Hochschulnachricht

Symbolbild für NachrichtGesetzentwurf zur Lockerung des Kooperationsverbots scheitert im Bundesrat

25.9.2012

Der Gesetzentwurf von Bundesbildungsministerin Annette Schavan zur Lockerung des Kooperationsverbots von Bund und Ländern im Wissenschaftsbereich hat am Freitag die erste Hürde im Bundesrat nicht genommen. Da hierfür Art. 91b des Grundgesetzes geändert werden muss, ist jeweils eine Zweidrittel-Mehrheit in Bundestag und Bundesrat erforderlich. Die rot-grün regierten Länder lehnten Schavans Entwurf jedoch ab. Sie fordern eine weitergehende Lösung, die die Kooperationsmöglichkeiten von Bund und Ländern nicht auf die Hochschulen beschränkt, sondern auch die Schulen mit einbezieht.

Vertreter(innen) der Opposition verlangten von der Bundesregierung, sich mit den Ländern an einen Tisch zu setzen und über eine umfassende Lösung nachzudenken. Regierungsvertreter(innen) warfen SPD und Grünen hingegen Erpressung vor. Eine Verabschiedung des Gesetzentwurfs vor der Bundestagswahl im Herbst 2013 ist damit nach Ansicht politischer Beobachter unwahrscheinlich geworden.

Schavan warb vor der Länderkammer eindringlich für ihren Entwurf. Danach soll der Bund künftig dauerhaft Forschung und Lehre an Hochschulen fördern können. „Die engen Grenzen des Kooperationsverbotes schwächen die Hochschulen. Der Bund ist aber bereit, für dauerhafte Kooperation Verantwortung zu übernehmen“, sagte die Ministerin. „Wir brauchen eine Grundgesetzänderung, die verlässliche Wege der Zusammenarbeit zwischen Bund und Ländern und vor allem eine dauerhafte angemessene Finanzausstattung für den gesamten Wissenschafts- und Bildungsbereich absichert“, entgegnete ihr die rheinland-pfälzische Kultusministerin Doris Ahnen (SPD).
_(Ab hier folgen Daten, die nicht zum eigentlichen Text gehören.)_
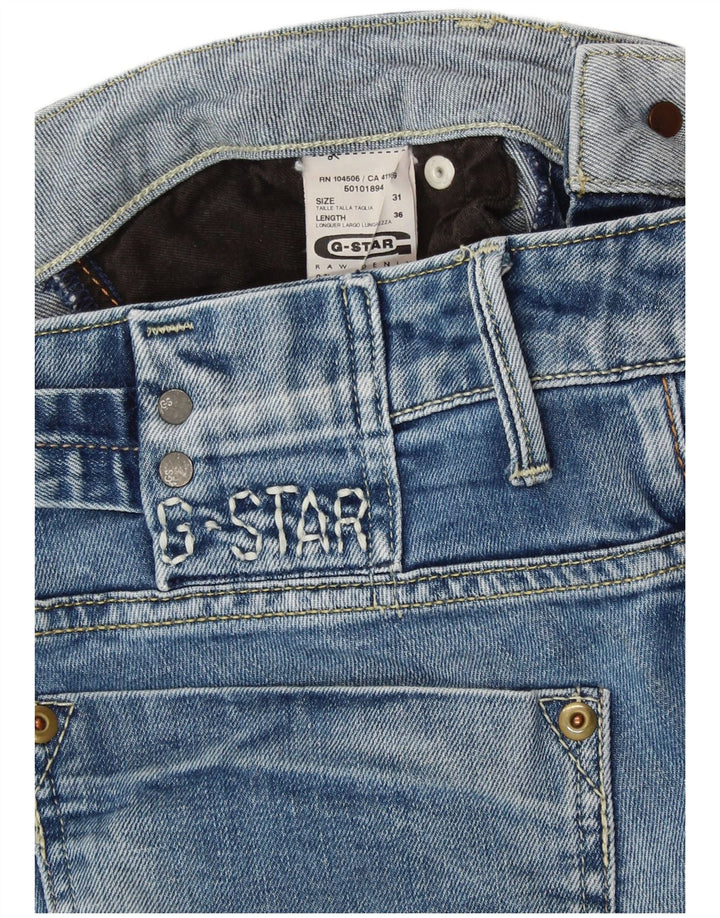 Jeans slim invecchiati da donna G-STAR W31 L36 cotone blu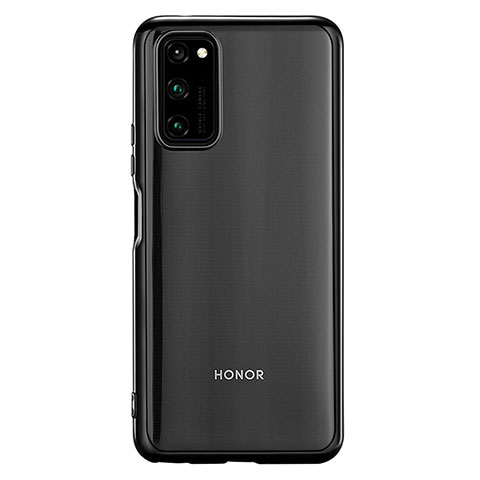 Custodia Silicone Trasparente Ultra Sottile Cover Morbida S01 per Huawei Honor V30 Pro 5G Nero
Der Vorschlag der Bundesregierung ziele noch nicht einmal darauf ab, dass Bund und Länder im Hochschulbereich richtig zusammenarbeiten könnten, so Ahnen. „Wir brauchen eine Verantwortungsgemeinschaft von Bund, Ländern und Gemeinden im Bildungsbereich, denn die Herausforderungen, vor denen wir beim Zugang zu Bildung stehen, haben immer mehr eine sozialpolitische Dimension“, ergänzte die nordrhein-westfälische Schulministerin Sylvia Löhrmann von den Grünen. Eine Unterstützung des Bundes müsse auch bei der Inklusion, beim Ausbau von Kitas und Ganztagsschulen und der Bekämpfung des Analphabetismus möglich sein. Nach Ansicht des thüringischen Bildungsministers Christoph Matschie (SPD) ist der Entwurf von Bundesministerin Schavan „viel zu kurz gesprungen“. „Es macht doch keinen Sinn, wenn das Fundament anfängt zu bröckeln, schöne Türmchen darauf zu bauen.“ Zumal selbst die bisher bestehenden Möglichkeiten zur Kooperation nicht ausgeschöpft würden, so Matschie weiter. „Angesichts der Finanzsituation der Länder brauchen wir Lösungen, die mehr möglich machen.“ Dies gelte insbesondere für die ostdeutschen Bundesländer.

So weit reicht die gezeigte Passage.